Look below for the line that contains "Halle des SureStay", and write out exactly that line and all remaining lines of the listing, omitting pictures.

Recorded data —
· · · · ·

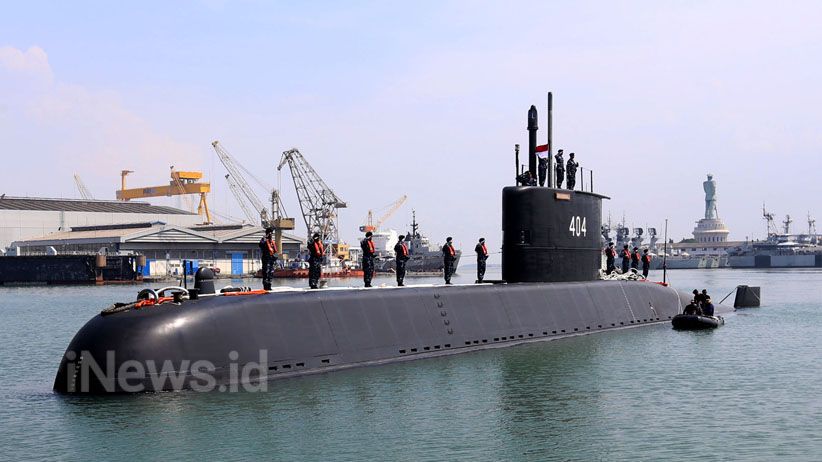 Kapal Selam KRI Ardadedali-404 Perkuat Koarmada II dan Menjaga NKRI - Bagian 3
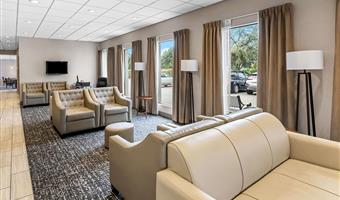Halle des SureStay by Best Western SeaTac Airport North in Seatac - 52121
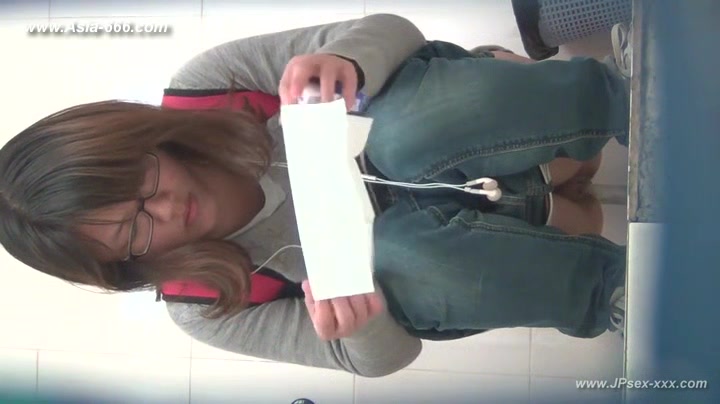 chinese girls go to toilet.103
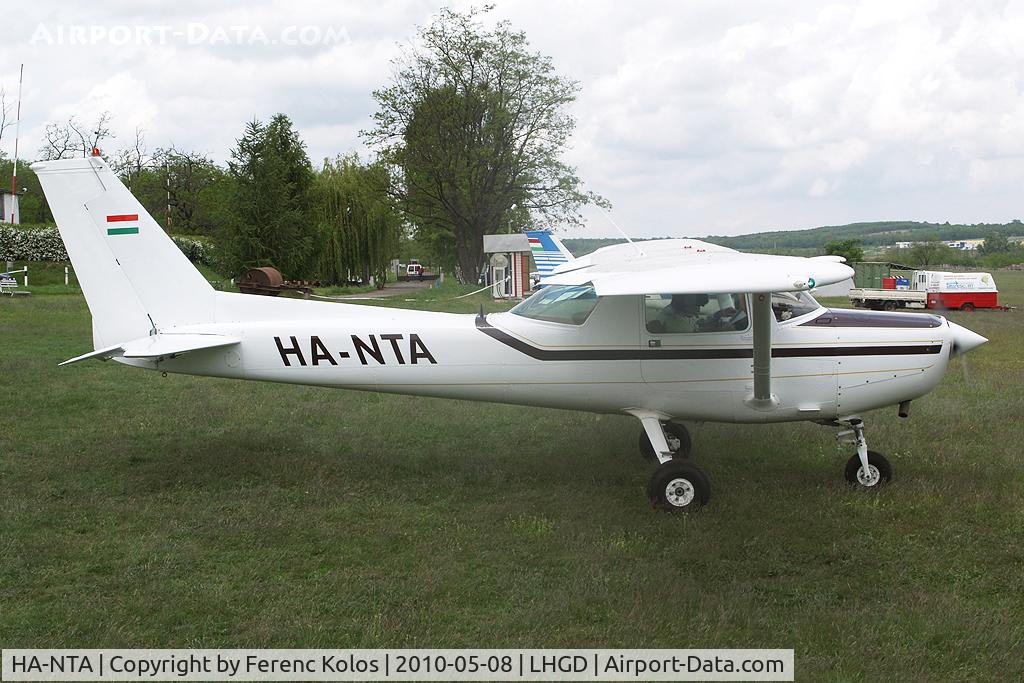 HA-NTA, 1985 Cessna 152 C/N 15286022, Gödöllö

· · · · ·

Answer to the exercise —
Halle des SureStay by Best Western SeaTac Airport North in Seatac - 52121
 chinese girls go to toilet.103
 HA-NTA, 1985 Cessna 152 C/N 15286022, Gödöllö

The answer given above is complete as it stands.